Early estimates show that consumer spending surged in nearly all categories.

Categories that consumers decided to spend more in between December 2022 and January 2023 were “food services and food places,” such as restaurants and bars, which jumped about 7.2%; “motor vehicle and part dealers” like car dealerships, which increased by 5.87%; “department stores,” which rose 17.8%; and “furniture and home furnishing stores,” which increased 4.17%, according to the Census Bureau’s advanced estimates.

Spending at “gasoline stations” remained flat month-over-month.

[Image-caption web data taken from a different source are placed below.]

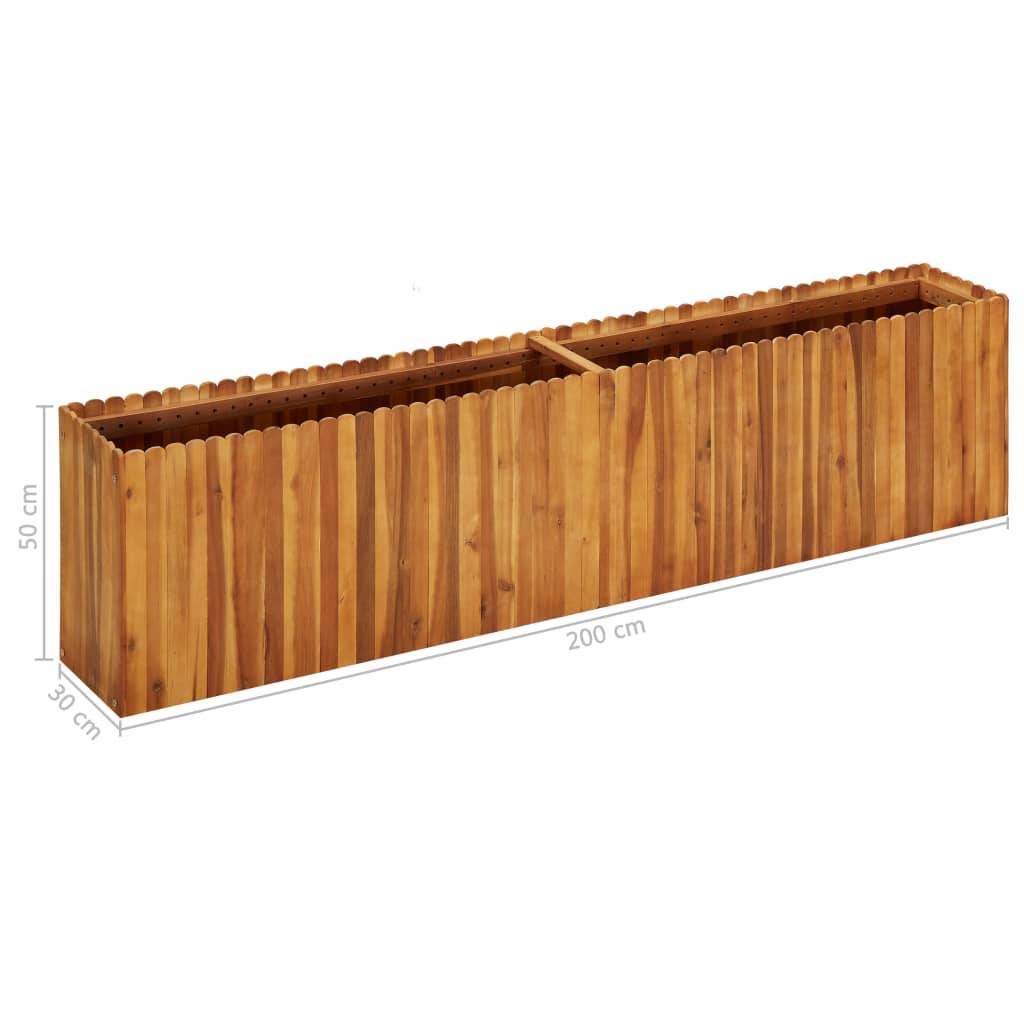 Jardinière lit surélevé plantes fleurs jardin 200 x 30 x 50 cm bois massif d'acacia - Image 6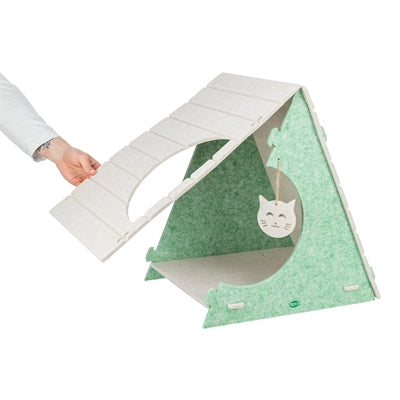 Trixie Cat Bed Play Box Lucy Triangular Felt Sand / Green 46X38X50 Cm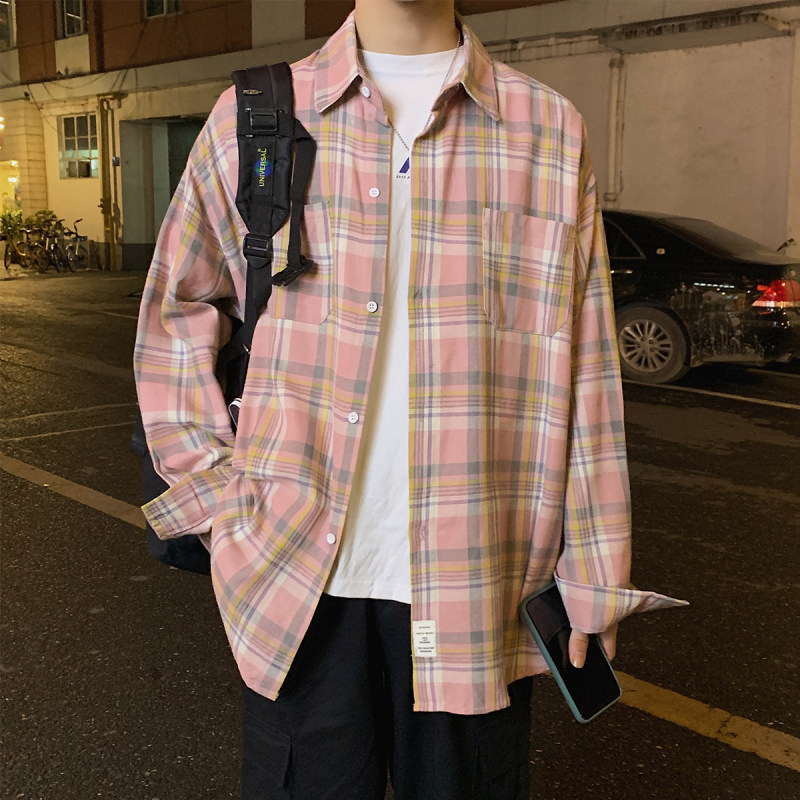 ins new long sleeve plaid shirt trendy brand for men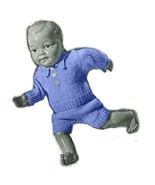 Vintage Knitting Pattern Boy Girl 12&quot; Sets in Jubilee Blue Wool Copley #... - £1.64 GBP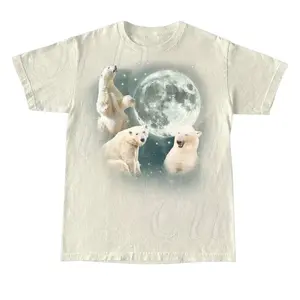 Gildan T Shirt, Three Polar Bears Vintage Graphic T-shirts, Retro Polar Bear Moon Tshirt, Bear Lovers, Funny Bear Tee, meme t shirt, funny tee, cute bear tee, cool gifts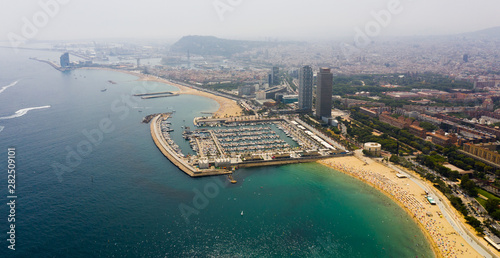Barcelona cityscape on Mediterranean coast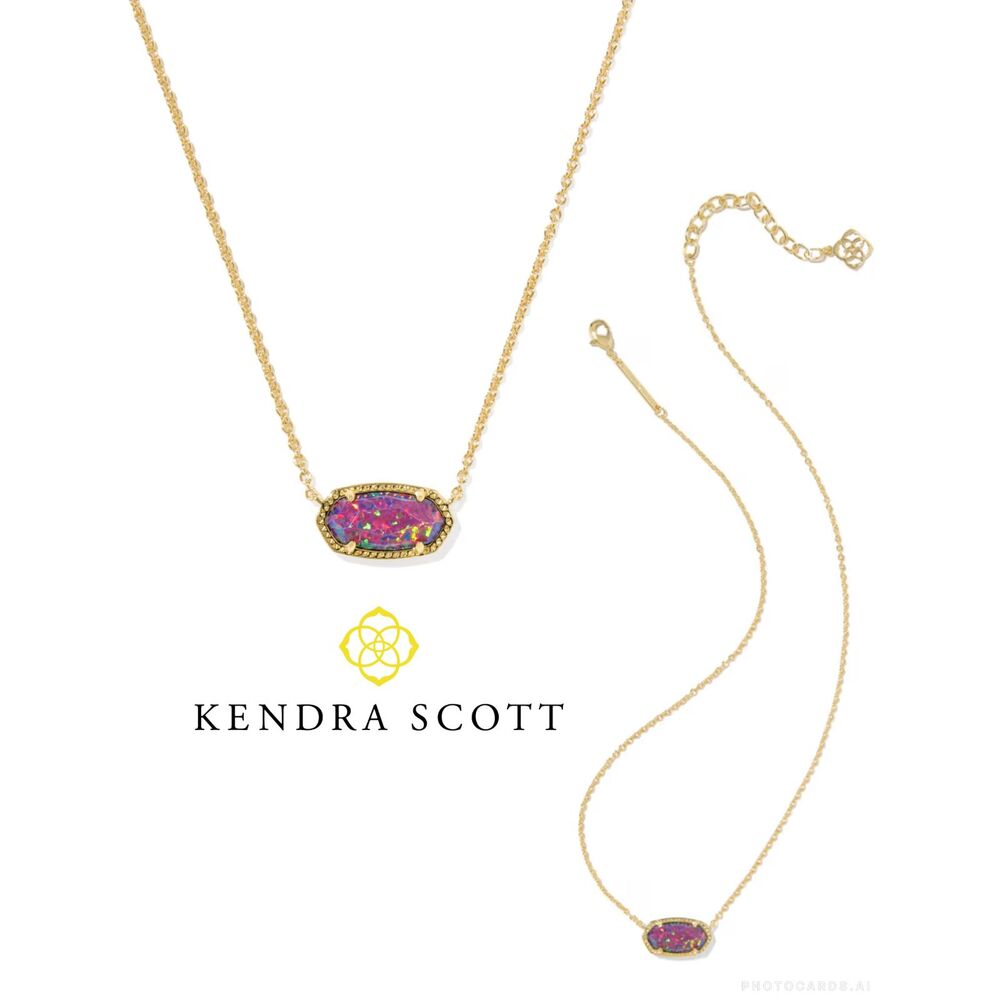 Kendra Scott Elisa Dark Lavender Lab Grown Opal Gold Pendant Necklace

The results for January 2023 were adjusted for seasonal variation as well as holiday and trading-day differences but not for price changes, the Census Bureau said in the report.

Economic data points toward a pickup in growth in the early part of 2023, following “a soft patch in late 2022,” according to Bill Adams, a chief economist for Comerica Bank, as reported by CNBC.

“The Fed will read recent activity reports as supporting plans for additional interest rate increases in the first half of this year,” said Adams.

The U.S. Central Bank projects the terminal rate will peak between 5% and 5.25%. On February 1, the Fed approved a 25 basis point increase in interest rates, raising the range of the Fed funds current rate to between 4.5% and 4.75%.

Despite a strong showing from job growth and retail spending, Aneta Markowska, a chief financial economist at Jefferies LLC, suggested to the WSJ that the latter might just be a blip in reaction to the low spending seen during the holidays.

“Don’t extrapolate from the strength,” she said, according to the WSJ.